Book Review: Practice of Cloud System Administration, The: DevOps and SRE Practices for Web Services, Volume 2 by Thomas Limoncelli, Strata Chalup, Christina J. Hogan (2015)

Camilo Matajira

February 6, 2021

1. Authors’ purpose

The objective that Limoncelli, Chalup, and Hogan had when writing the book was to help the reader “(…) build and run the best cloud-scale service possible.” (p. 1)

To do this, their approach is to concentrate their efforts, not on current technological trends, but rather focus on the fundamental principles and practices that are timeless (p. xxiv). In other words, the authors do not provide recommendations on products or technologies, instead, they provide the principles that should guide the user in selecting one technology over another (p. xxiv). The idea is to “prepare you for a long career where technology changes over time but you are always prepared”. (p. xxiv)
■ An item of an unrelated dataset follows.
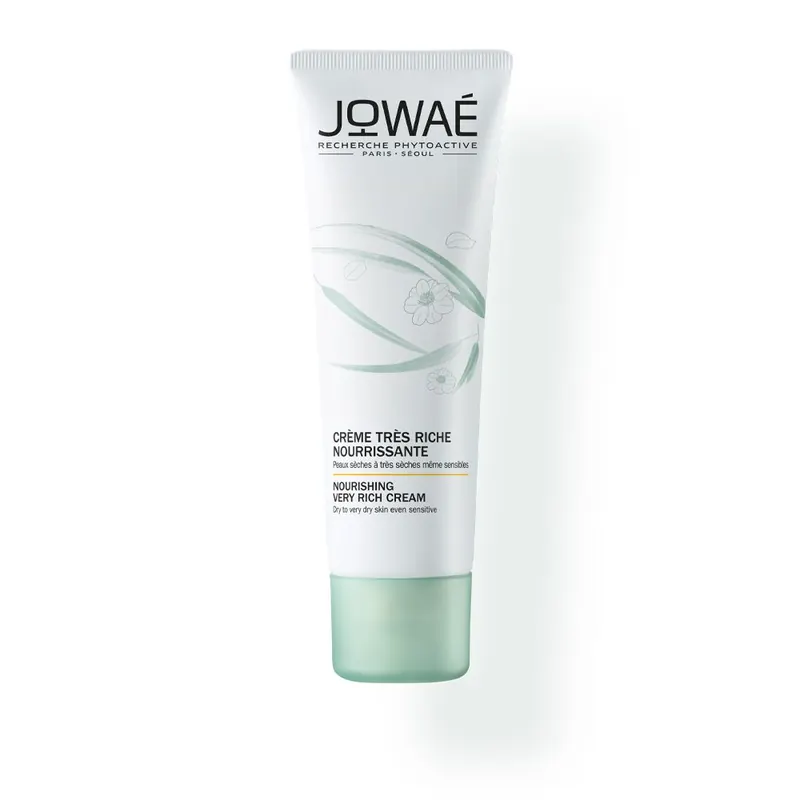 JOWAÉ Crema Molto Ricca Nutriente Viso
2. Main themes of the book

The authors divide the book in two sets. In the first, they discussed the different architectural patterns to implement a distributed service. For example, the main topics covered were: 1) Web applications with distributed computing (“Distributed computing is the art of building large systems that divide the work over many machines”, p.9); 2) Design patterns for Scaling and 3) Design patterns for Resiliency.

In the second part of the book, how to achieve operational excellence in a team that administers cloud infrastructure. The authors mention the importance of developing a DevOps culture.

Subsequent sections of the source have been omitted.